The optical elements contained within the TOSA (transmit optical subassembly) and ROSA (receive optical subassembly), optical fibers and any exposed optical surfaces may be formed of light transmissive materials which are selected not only to optically function as desired but also to withstand the high temperatures encountered in solder reflow.

Optical fibers are normally glass, while other optical elements may be fabricated of clear high temperature plastics. However, heat may slightly affect the unprotected surfaces of the optical elements. Although not directly heat related, some damage to or degradation of the optical elements such as fiber optic ends, may be caused by contact between optical elements and molten solder, flux, flux residue or vapors resulting from the solder reflow operation.

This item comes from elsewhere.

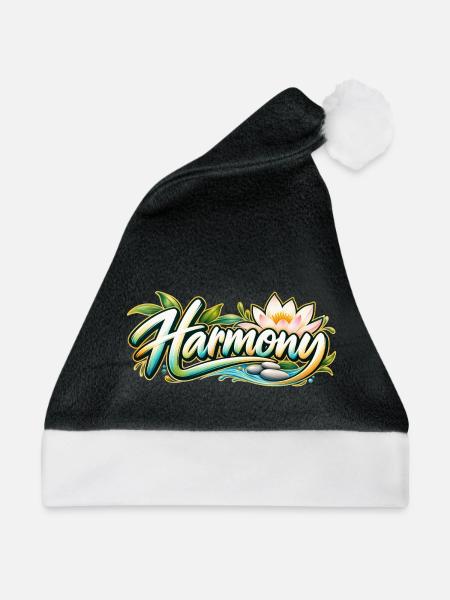Harmony: Lotusfluss Zen-Muster - Weihnachtsmütze - Schwarz/Weiß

Additionally, the optical surfaces of the devices or lens surfaces similarly may be contaminated, coated with water, or small quantities of water borne flux which may be deposited on the optical surfaces of the optical fibers. This contamination of the surfaces, a result of the wash operation, may alter or degrade the transmission of optical signals through such optical surfaces.

Other sources of contaminants such as dust or other foreign particles also may accumulate on the optical surfaces and adversely affect the transmission of signals through the optical fibers or other optical surfaces of the optical components during other manufacturing steps or subsequent handling, packaging, shipping or further assembly into larger units or subassemblies. With the optical elements recessed within an optical assembly, the cleaning and/or removal of the contaminants on optical elements and especially the exposed optical surfaces thereof is difficult if not impractical.

OBJECTS OF THE INVENTION

It is an object of the invention to protect the optical elements of an optical subassembly at least during the manufacture and assembly of the optical subassembly.

It is another object of the invention to seal the access channel to optical surfaces within an optical subassembly during the manufacturing steps of assembly of the optical subassemblies.

It is a further object of the invention to prevent invasion of water or other contaminants into the region of the optical elements of an optical subassembly during wash operations of the assembly process.

It is an additional object of the invention to withstand temperatures of solder reflow operations during the manufacture of optical subassemblies.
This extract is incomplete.